IGN Regarding Extent 1, the model IGN_smp-unet-resnet34-imagenet_RVBI produced the best metrics. Furthermore, the CNN models of IGN are computationally less expensive than the other models and the inferences are not prone to the square artefacts that the HEIG-VD model produces.

HEIG-VD The HEIG-VD model, although it is outperformed by the other two institutions' models on Extent 1, performs significantly better in masked Extent 1 and in Extent 2. The model also performed best in the qualitative assessment. The assessment of the performance in Extent 2 shows that the square artefacts are responsible for a great share of false predictions.

OFS The OFS model OFS_ADELE2(+SAM) performs similarly to the best-performing IGN model, its outputs are not prone to square artefacts, and the inferences are very clean due to its usage of the SAM model. The downside of the OFS model is that it is specifically adapted for the Statistique suisse de la superficie10 and thus cannot be retrained on a different dataset.
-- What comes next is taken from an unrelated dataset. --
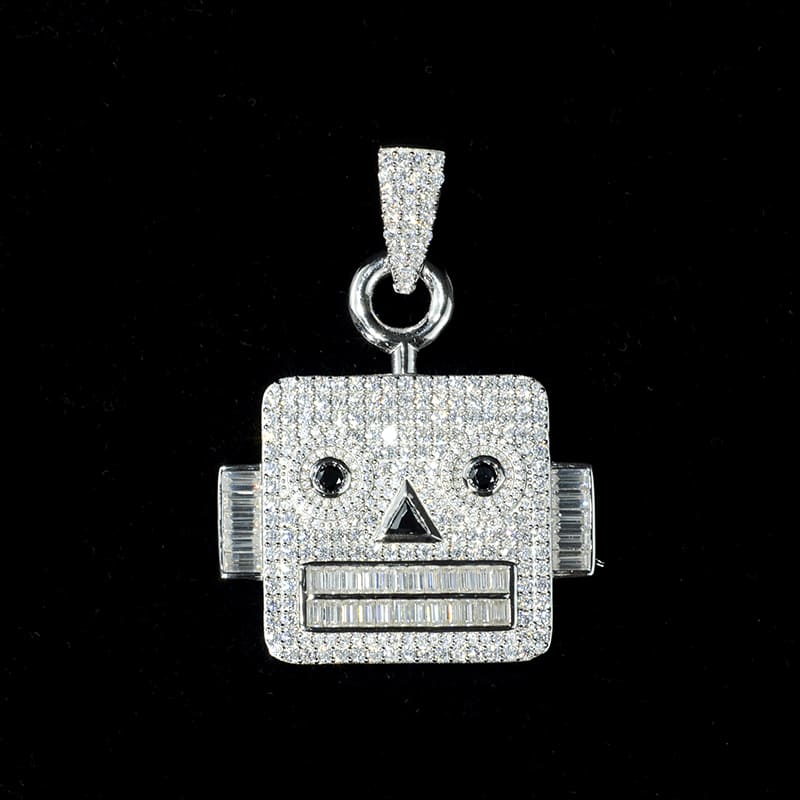 Custom Moissanite Iced Out “Robotic” Hip Hop Diamonds Pendant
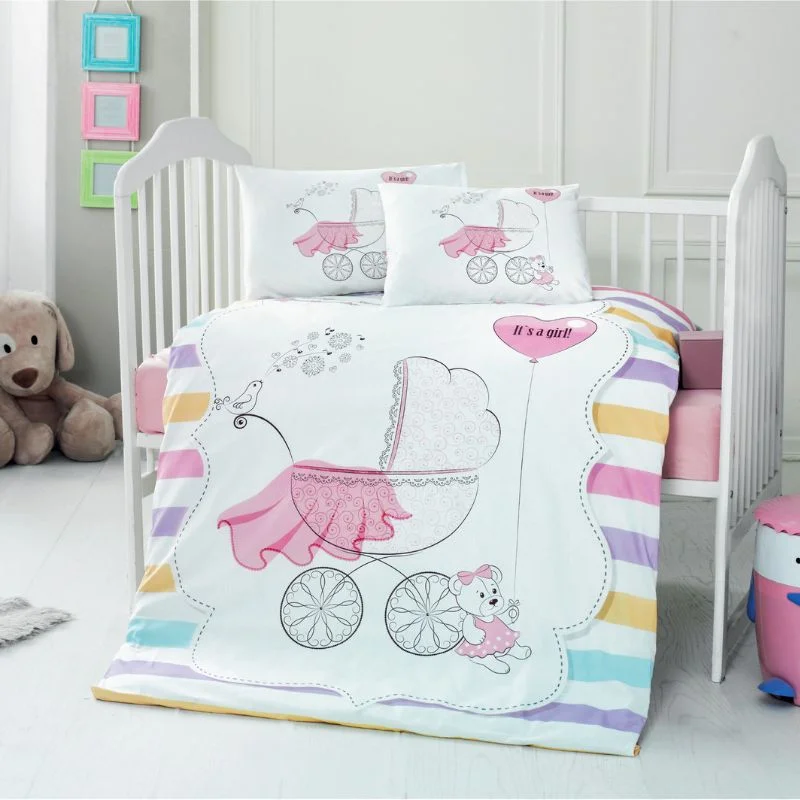 Home & Deco - Lenjerie bumbac ranforce copii Girl - Alb, 100x150 cm, 2 fete de perna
The goal of the evaluation phase was to identify the most promising model for further steps in the project. Based on the results of the evaluation, the HEIG-VD model was chosen. It performed best in masked Extent 1 and in Extent 2, and it performed best in the qualitative assessment. Additionally, the model needs only aerial imagery with the three RGB channels which allows for an easier reproducibility. The model weights and source code of the HEIG-VD model were kindly shared with us, which enabled us to fine-tune the model to adapt to the specifics of this project. However, the premise of choosing the HEIG-VD model was that we are able to mitigate the square artefacts to an acceptable degree.

7.2 Fine-Tuning

The following keypoints can be extracted from the fine-tuning results:

Performance Increase

The fine-tuning procedure could improve the model performance substantially, even though a small dataset was used. For comparison: The FLAIR-1 dataset comprises more than 800 km², which is more than 80 times the size of our used dataset. The improvement is especially impressing, since the chosen model is an attention-based model, which is known to be dependent on large amounts of data 15. A possible explanation for the success of the fine-tuning is that most of the features that the model has to learn are already present in the pre-trained model. The adjustments of the weights needed to adapt to the specifics of the dataset may, in comparison to the vast amount of information needed to train a model from scratch, be quite small.

Adaptability

Fine-Tuning allows to adjust for different specifics of new datasets. In this case, the model was able to adjust for different resolutions, a different acquisition season, and a new classification scheme. However, also the model that has been trained on the mixed-resolution dataset performed worse on 20 cm and 40 cm resolution input than on 10 cm resolution input. This could be due to the fact that the model has been trained on 4 times as many 10 cm resolution tiles as on 20 cm resolution tiles and 16 times as many 10 cm resolution tiles as on 40 cm resolution tiles. As a result, the model could be biased towards the 10 cm resolution. Another explanation imaginable could be that the defined classes are more easily identifiable in high-resolution input in general. While e.g., the IoU values for the class "sol_vegetalise" does not fluctuate much between the different resolutions, the IoU values for e.g., the class "roche_dure_meuble" seems to depend considerably on the resolution.

Square Artefacts

While a decreased resolution and fine-tuning could not remove the square artefacts completely, their occurence could be drastically reduced. Even more so in the binary case, where the depicted confusion between water and vegetated soil in Figure 27 seems to contribute the most to the square artefacts, which could be reduced by a post-processing step, using known waterbodies as a mask. These water square artefacts that appear by decreasing the resolution, show that the model depends on both resolution and context. Indeed, the lower resolution seems to have removed the specific texture of mountainous meadow and rendered it similar to waterbody. Another factor contributing to this confusion could be a possible bias in the ground truth caused by overrepresented lake sediments that resemble soil.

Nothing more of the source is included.